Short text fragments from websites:
----------

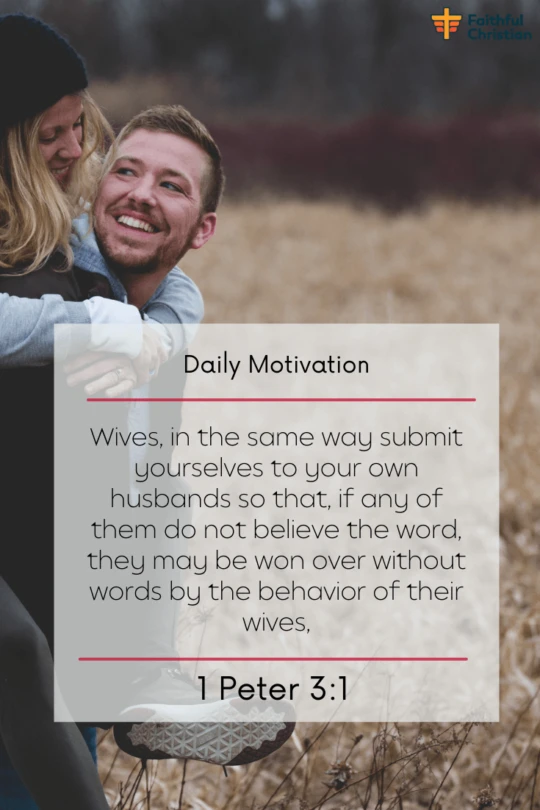 Bible Verses about wives submit to Husbands (Respect & Obey them) 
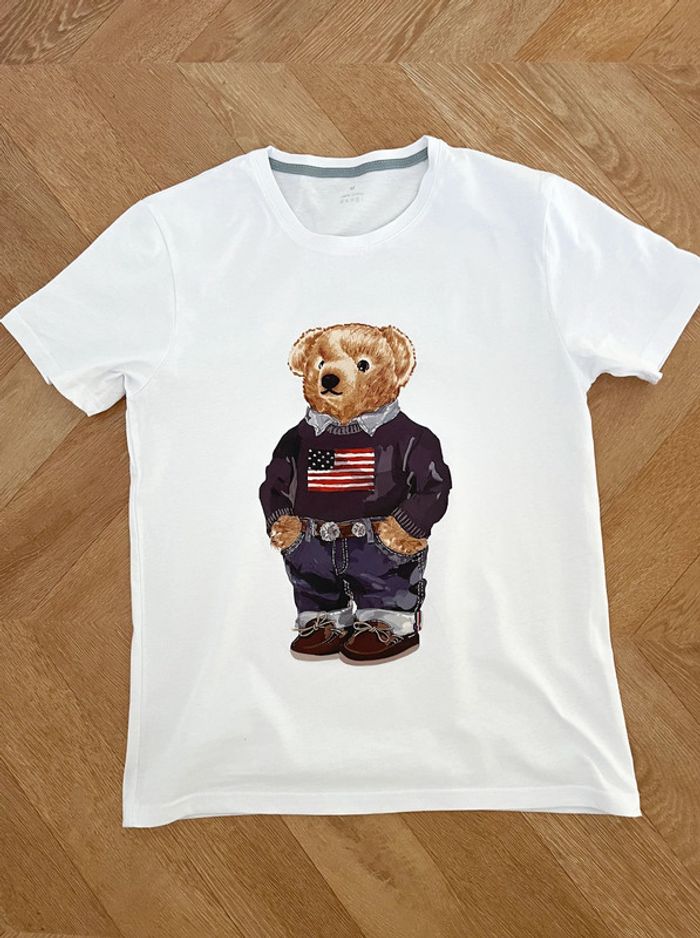 🌟 Tee shirt blanc avec nounours
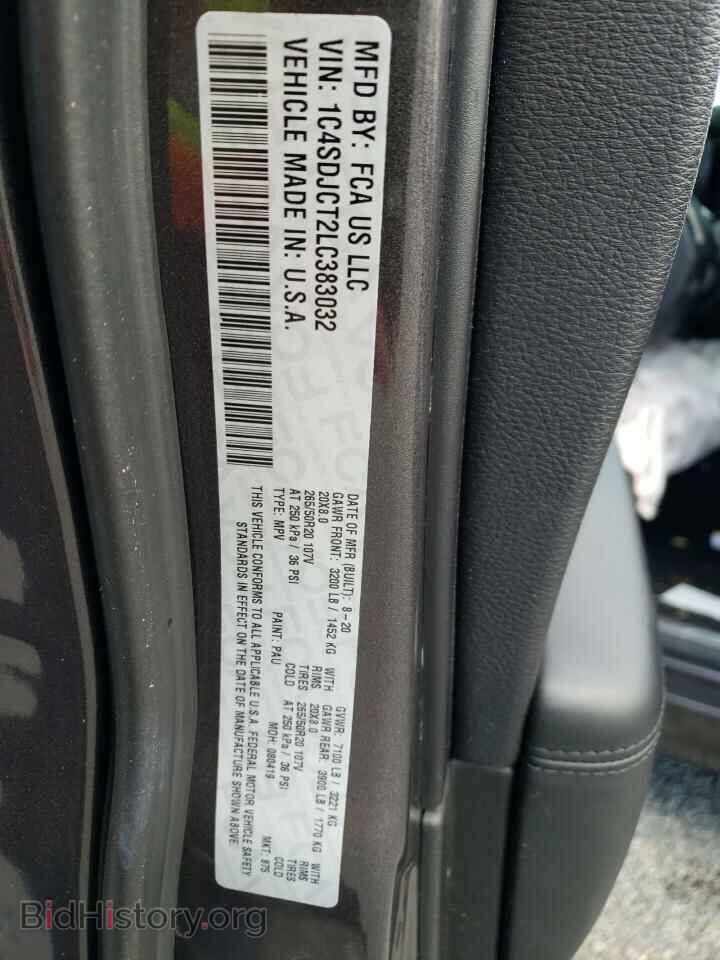 2020 DODGE DURANGO - VIN: 1C4SDJCT2LC383032 - Фото 10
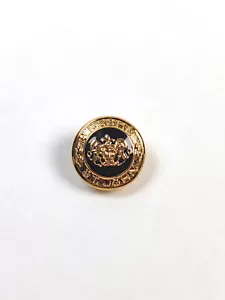 Single St John Gold Black Enamel Crest Lion Replacement Button 23mm - Picture 1 of 4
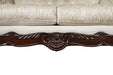 Frisina Oversized Sofa - Dark Cherry/Beige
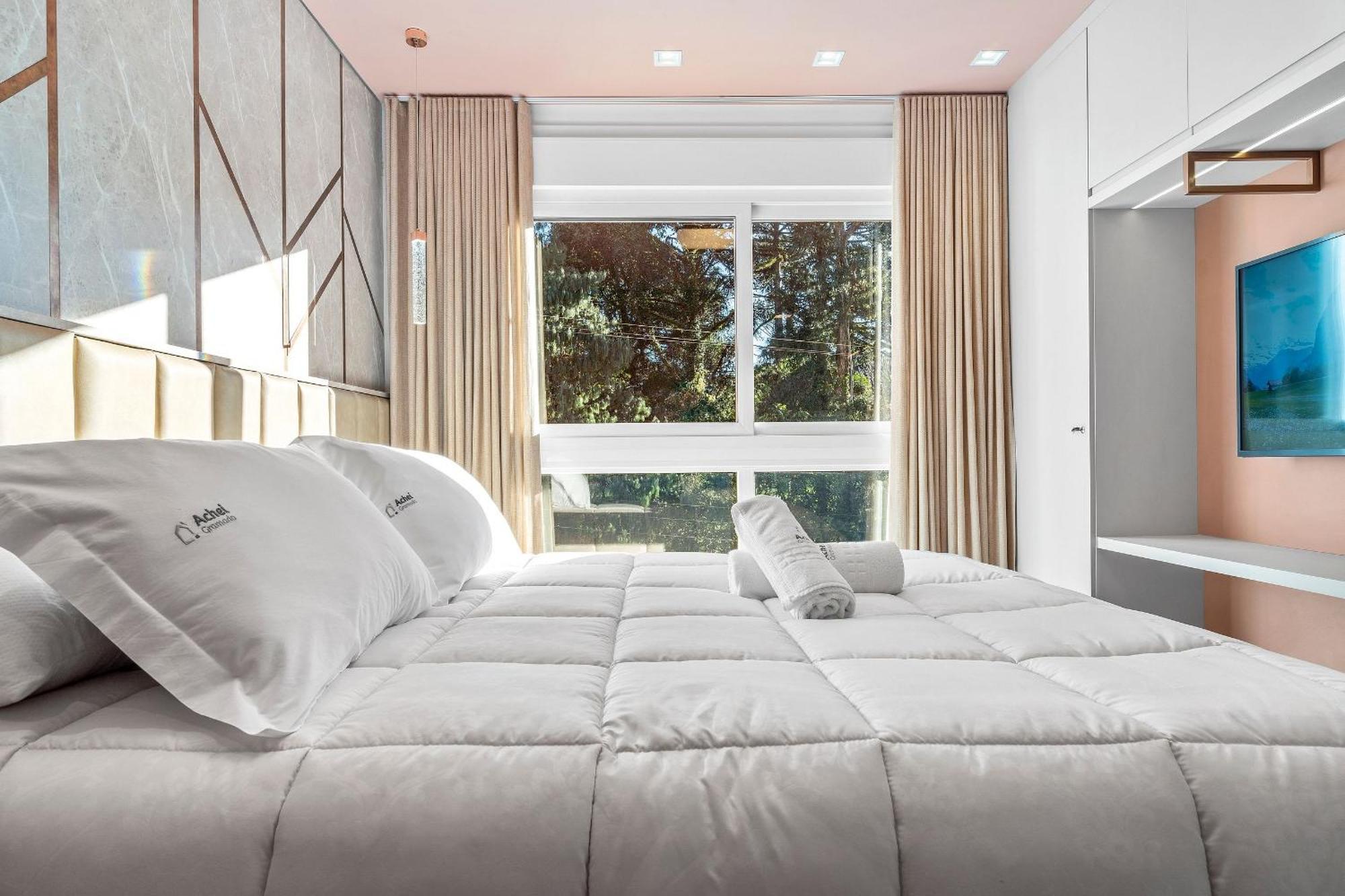 Apartamento Bellagio 2 Suites E Piscina By Achei Канела Екстер'єр фото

----------

- _ABOUT THIS EXERCISE_:
Set down every line above exactly, pictures excluded.

- _RESPONSE FOR THIS EXERCISE_:
 Bible Verses about wives submit to Husbands (Respect & Obey them) 
 🌟 Tee shirt blanc avec nounours
 2020 DODGE DURANGO - VIN: 1C4SDJCT2LC383032 - Фото 10
 Single St John Gold Black Enamel Crest Lion Replacement Button 23mm - Picture 1 of 4
 Frisina Oversized Sofa - Dark Cherry/Beige
 Apartamento Bellagio 2 Suites E Piscina By Achei Канела Екстер'єр фото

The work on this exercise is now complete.